On June 26, 2013 the Supreme Court struck down, as unconstitutional, the key provision of DOMA, the Defense of Marriage Act. It also dismissed a district court's challenge to California Prop 8, which had eliminated the rights of same-sex couples to marry in the state. As one might expect, depending on which side of the issue you fall on, there was either rejoicing or consternation about the decisions of the court and what this means to marriage as a whole.
Marriage has undergone many changes over the ages. At one time, women were seen as property that was transferred from father to husband. Husbands held the upper hand in a marriage and could even decide that their wife had been unfaithful, condemning her to death by stoning. Women often lost all rights to their children if there was a divorce. Thankfully, over the centuries, women have gained many rights and the customs of marriage have changed as well.
There has been much handwringing about what same-sex marriage will do to the institution of marriage. I think that we lose something significant when we divide marriage into straight unions and same-sex unions. Marriage is the coming together of two people who choose to join together out of love. Rather than creating a divide between same-sex relationships and heterosexual relationships I hope that all people can learn from the love that exists between partners no matter their sexual orientation.

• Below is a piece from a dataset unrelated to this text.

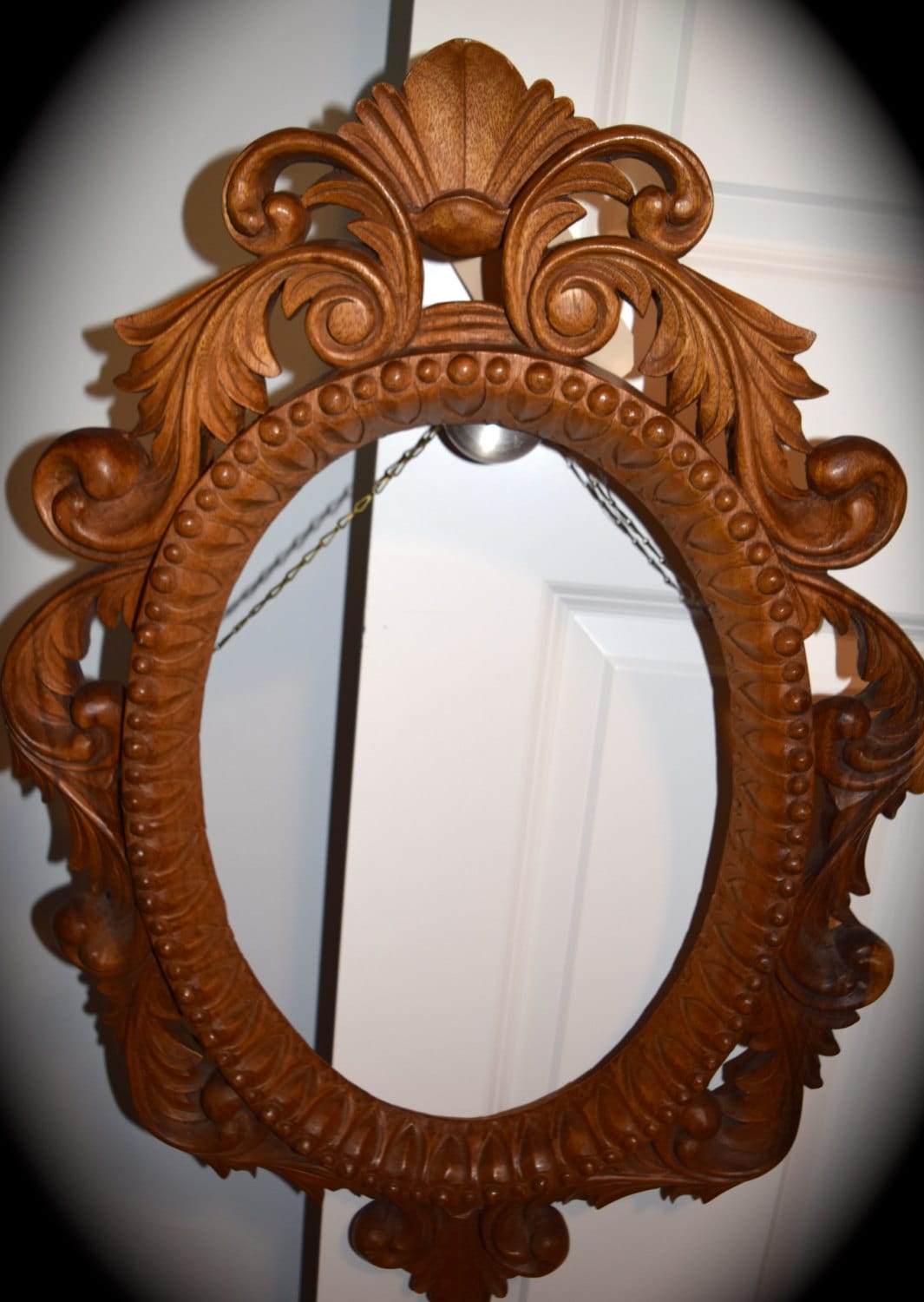 French Neoclassical Style Wood Carved Acanthus Frame   Sku: C020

According to a May 22, 2013 article in The Atlantic Magazine "The Gay Guide to Wedded Bliss" (see end of this article) researchers have discovered that same-sex marriages are actually happier than heterosexual marriages. Rather than worrying about how the Supreme Court rulings will negatively impact the "sanctity" of marriage we should look to the examples of many same-sex couples and what they bring to this institution.
Same-sex couples are not burdened by the old gender stereotypes of male and female that straight couples often unconsciously fall prey to. Who works (or doesn't), who cares for the children, who does which particular chores are all up for discussion in same-sex marriages. Couples must approach marriage in a way that determines what works best for each partner and the marriage as a whole instead of what society deems is appropriate for each gender based on centuries of habit.

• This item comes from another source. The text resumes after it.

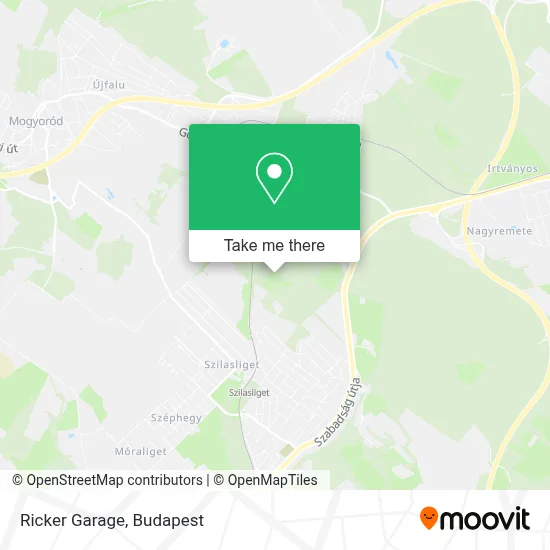 Ricker Garage map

While there is much more of a sense of egalitarianism in marriage in the 21st century, we still find that the share of the burden is often split according to gender roles. The Atlantic article states: "Though men are carrying more of a domestic workload than in the past, women still bear the brunt of the second shift. Among couples with children, when both spouses work full-time, women do 32 hours a week of housework, child care, shopping, and other family-related services, compared with the 21 hours men put in. Men do more paid work-45 hours, compared with 39 for women-but still have more free time: 31 hours, compared with 25 for women."

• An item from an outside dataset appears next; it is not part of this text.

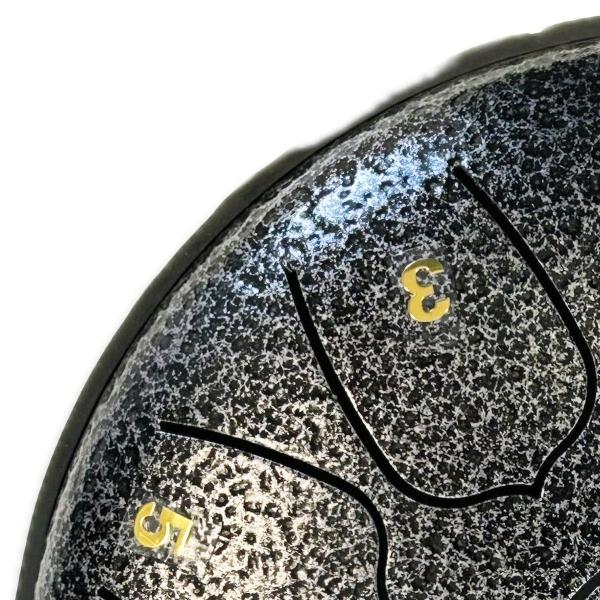 EXTREME STEEL TONGUE 11 TONI TAMBURO ARMONICO 16,5 CM TANK DRUM 6,5″ COLORE NERO MARTELLATO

In the research for their book "American Couples, Money, Work, Sex" Pepper Schwartz and Philip Blumstein of the University of Washington discovered that gay and lesbian couples tended to be fairer in their dealings with each other than straight couples. There was also more sharing of cooking, childrearing and chores than in straight couples.
Researchers also discovered that in all couples, the person with the higher income had more authority and decision-making power. Lesbian couples experienced this less than straight couples. Both lesbian and straight couples experienced this less than gay couples.
Lesbian couples tended to have more power plays around who engages more with the children. But on the whole it was discovered that another difference between straight and same-sex couples is that both partners in same-sex marriages tended to engage with the children together. Straight couples tended to engage along traditional gender roles with women more involved than men. When they did parent together, it was found that they were more likely to work at cross-purposes. Lesbian mothers tended to be more egalitarian and warmer toward each other and gay dads were more egalitarian in the way that they divided the chores necessary in childrearing.
Another interesting finding was the fact that when there was a disagreement in same-sex marriages the partner that was upset tended to be seen as less aggressive and domineering and the other partner often experienced less fear and stress. There tended to be more affection, joy and humor in the way that a difficult issue was addressed.
I am certainly not trying to imply that all same-sex marriages are happy and even-handed or "better" than heterosexual unions, but I do think that we can examine the findings in this article as well as in other research on the topic and learn some new ways to engage in marital relationships. Finding ways to communicate our needs, to co-parent, to find more balance in the power of money within a relationship all goes a long way to creating happy, healthy marriages. Don't we all deserve to learn from each other and move the institution of marriage into the 21st century?